• **Instructions for the task**:
In the copy you make, keep each entry exactly as it is and leave out all images.

• **Data shown**:
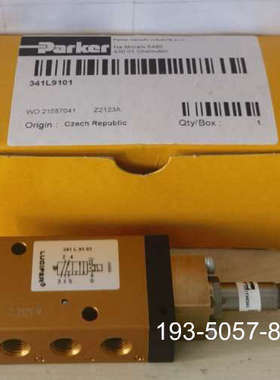 型号341L9101 电磁阀  详谈报价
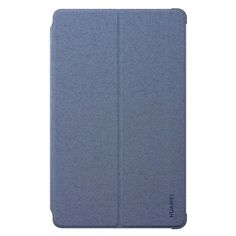 Чехол Huawei 96662575 для планшета Huawei MatePad T 8&quot;, сине-серый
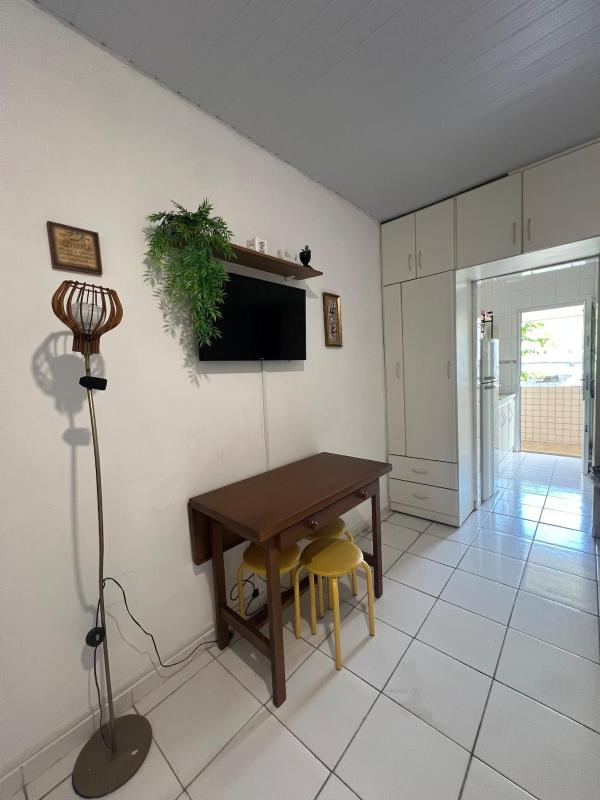 Studio apartment in Boqueirão - image 2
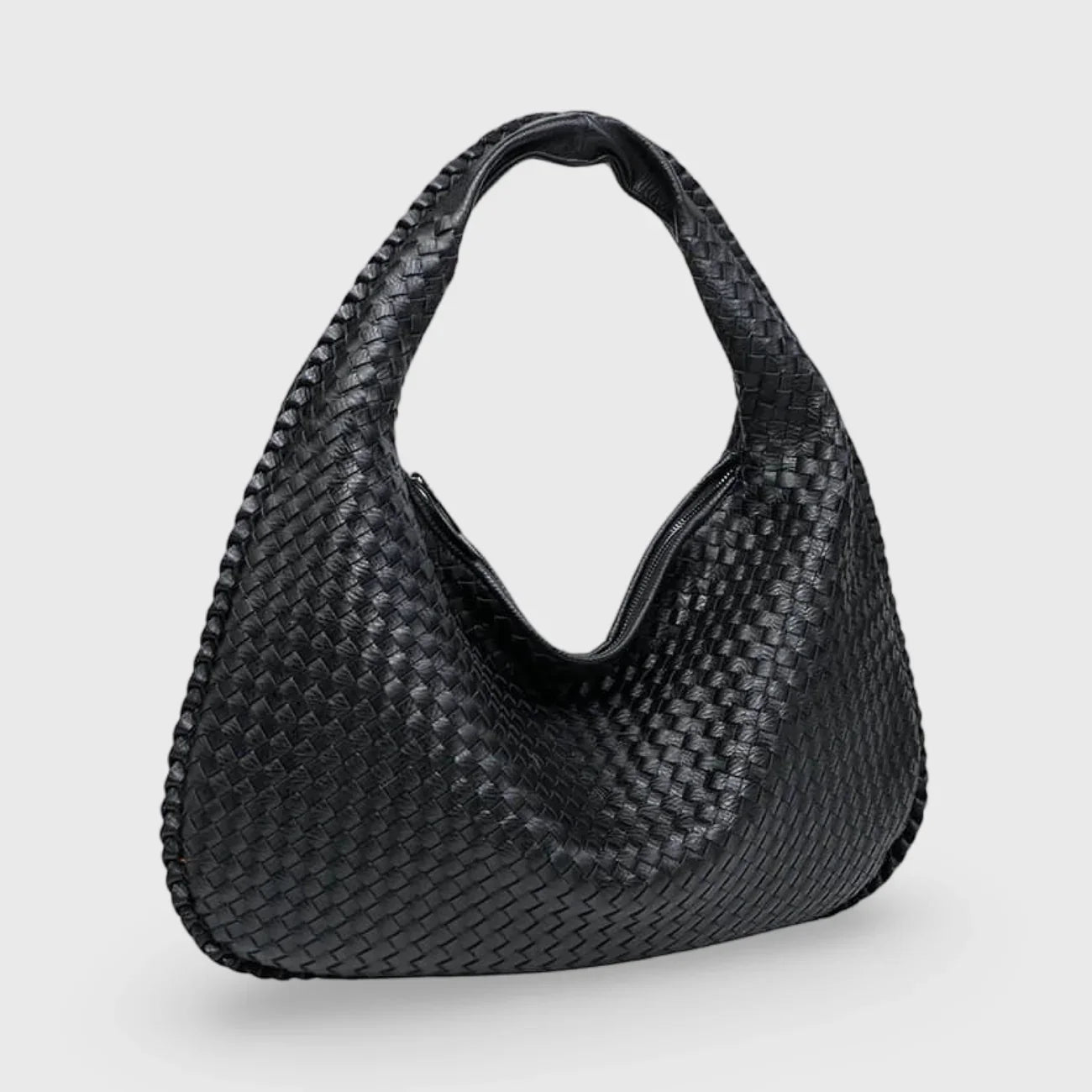 VERA | Oversized vävd
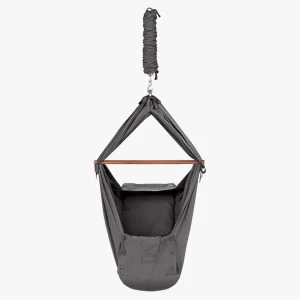 Kids Moonboon Baby Nest | Kids Furniture>Organic Baby Hammock Stone –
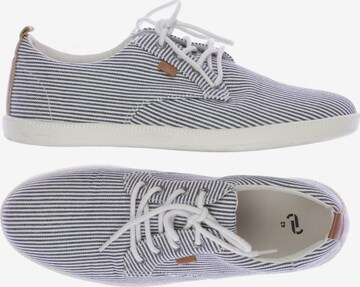 Jules Sneakers & Trainers in 42 in Grey: front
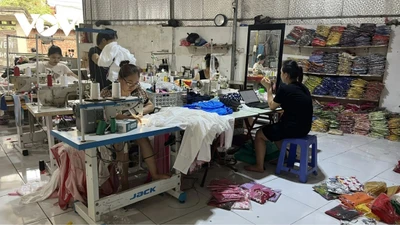 Nghị quyết 68-NQ/TW: Gỡ nút thắt mặt bằng cho doanh nghiệp nhỏ và vừa 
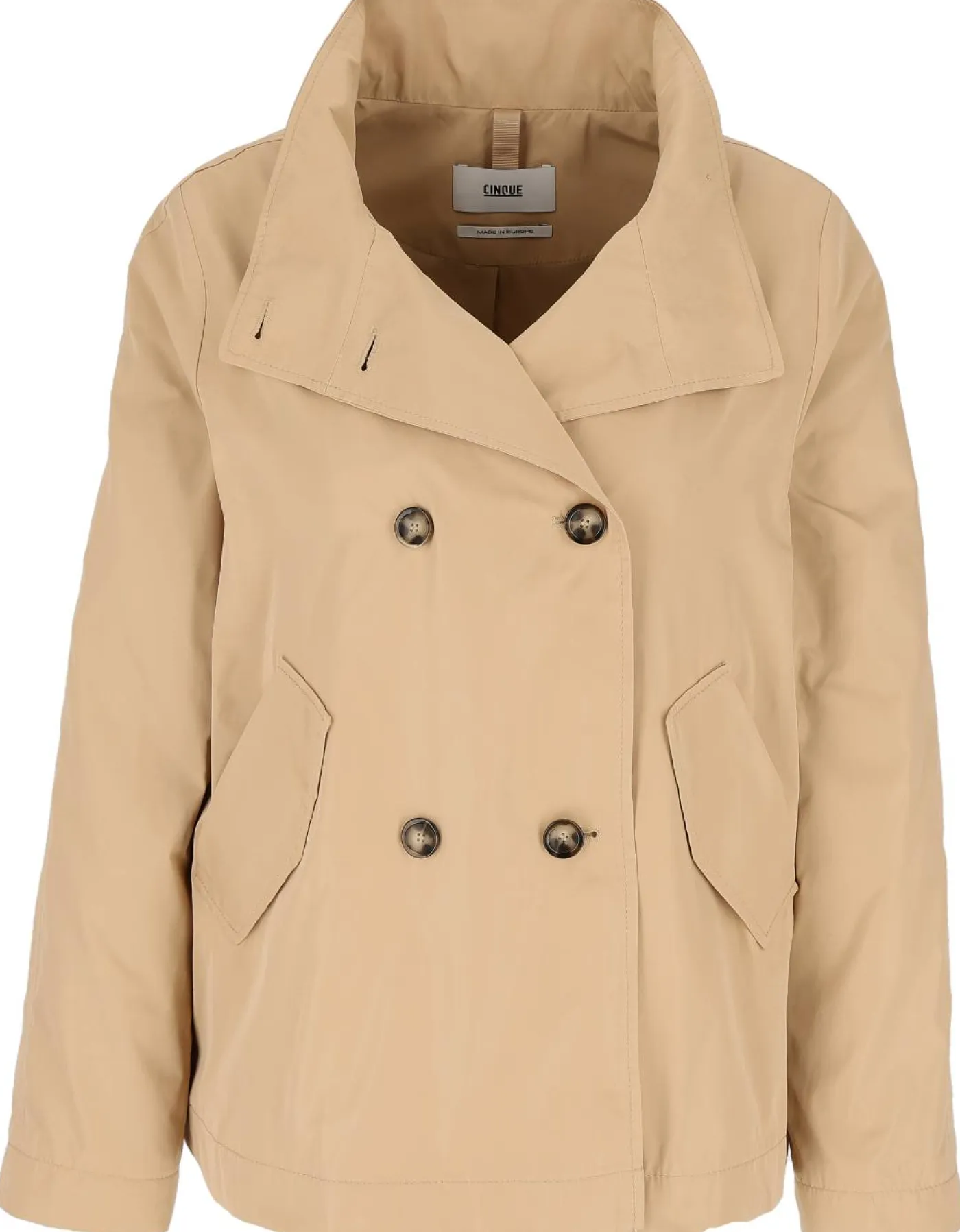 Jacke "CiJolini"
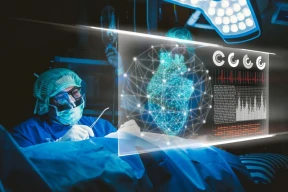 Соловей: «Для многих чиновников цифровизация медицины в Беларуси – это компьютер на столе у врача»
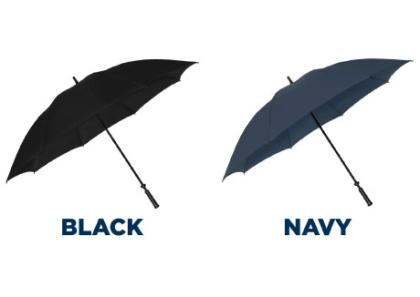 Impliva Falcone XXL Storm Golf Umbrella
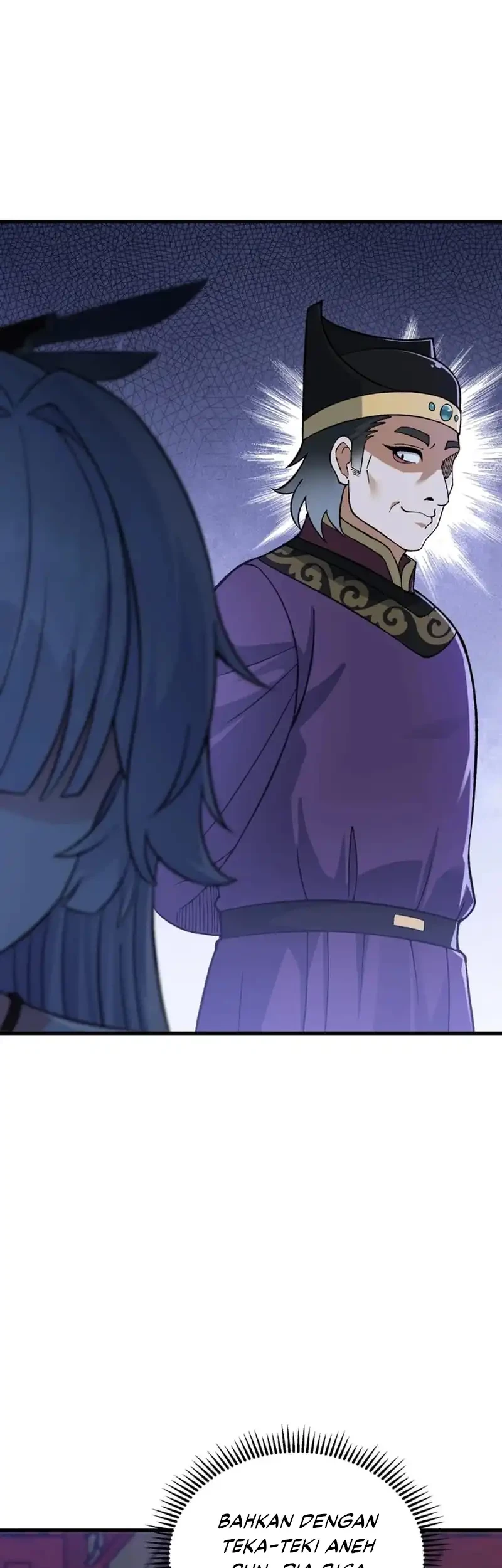 Imperial Decree: Cheat at Will Chapter 21 Gambar 38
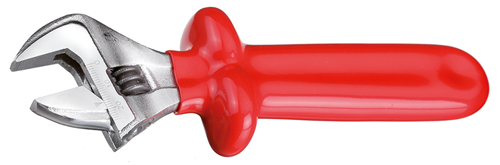 Gedore Adjustable wrench, open end- 2179059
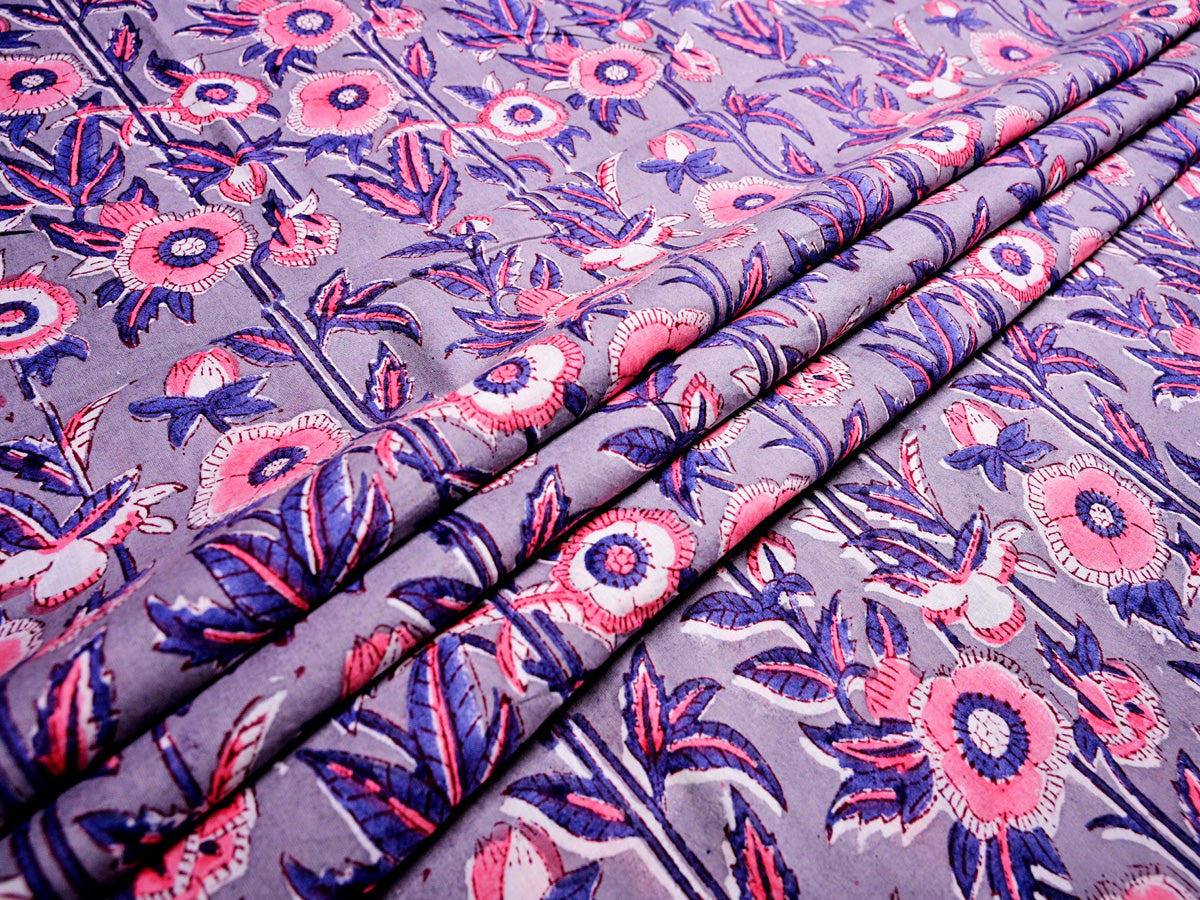 Pure cotton suit fabric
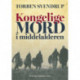 Kongelige mord i middelalderen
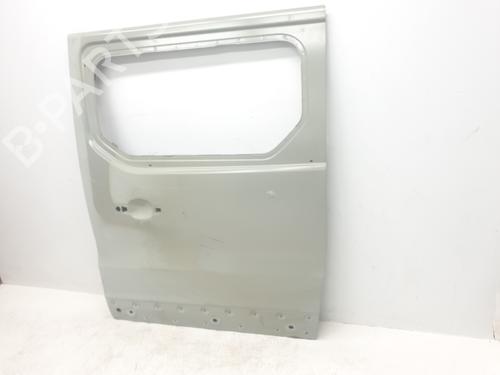 Left slide door RENAULT TRAFIC III Van (FG_) 1.6 dCi 140 (FGMA, FGMC) | BP29906894C74 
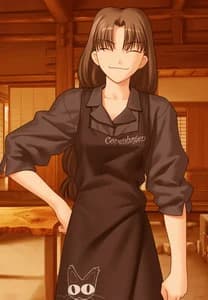 Hotaruzuka Otoko
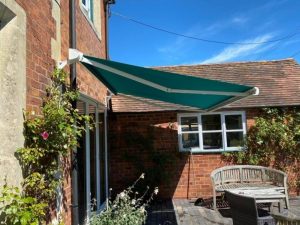 Awning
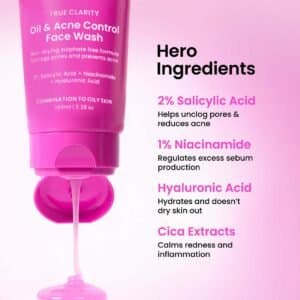 foxtale face wash thumbnail 2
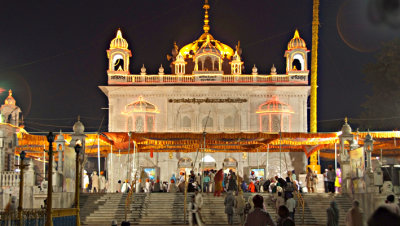 sikhi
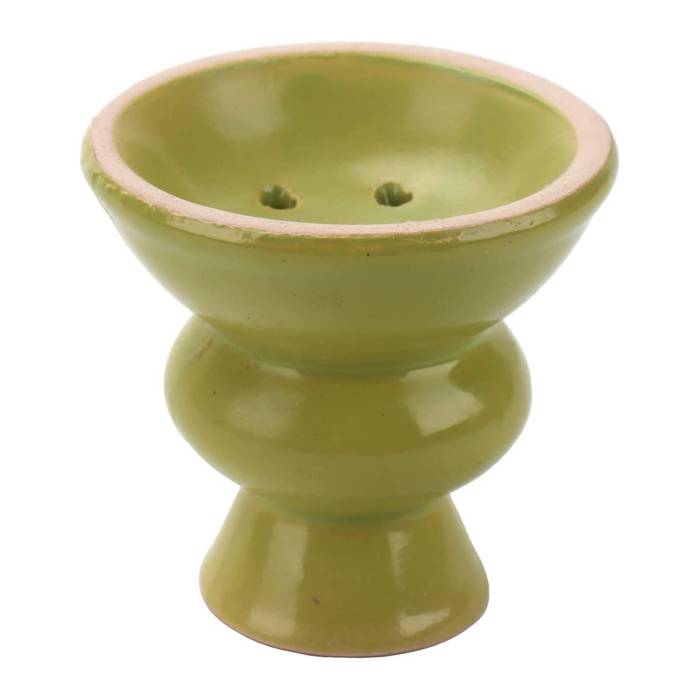 Creuzet ceramic narghilea B / Toro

• **Response**:
 型号341L9101 电磁阀  详谈报价
 Чехол Huawei 96662575 для планшета Huawei MatePad T 8&quot;, сине-серый
 Studio apartment in Boqueirão - image 2
 VERA | Oversized vävd
 Kids Moonboon Baby Nest | Kids Furniture>Organic Baby Hammock Stone –
 Jules Sneakers & Trainers in 42 in Grey: front
 Nghị quyết 68-NQ/TW: Gỡ nút thắt mặt bằng cho doanh nghiệp nhỏ và vừa 
 Jacke "CiJolini"
 Соловей: «Для многих чиновников цифровизация медицины в Беларуси – это компьютер на столе у врача»
 Impliva Falcone XXL Storm Golf Umbrella
 Imperial Decree: Cheat at Will Chapter 21 Gambar 38
 Gedore Adjustable wrench, open end- 2179059
 Pure cotton suit fabric
 Kongelige mord i middelalderen
 Left slide door RENAULT TRAFIC III Van (FG_) 1.6 dCi 140 (FGMA, FGMC) | BP29906894C74 
 Hotaruzuka Otoko
 Awning
 foxtale face wash thumbnail 2
 sikhi
 Creuzet ceramic narghilea B / Toro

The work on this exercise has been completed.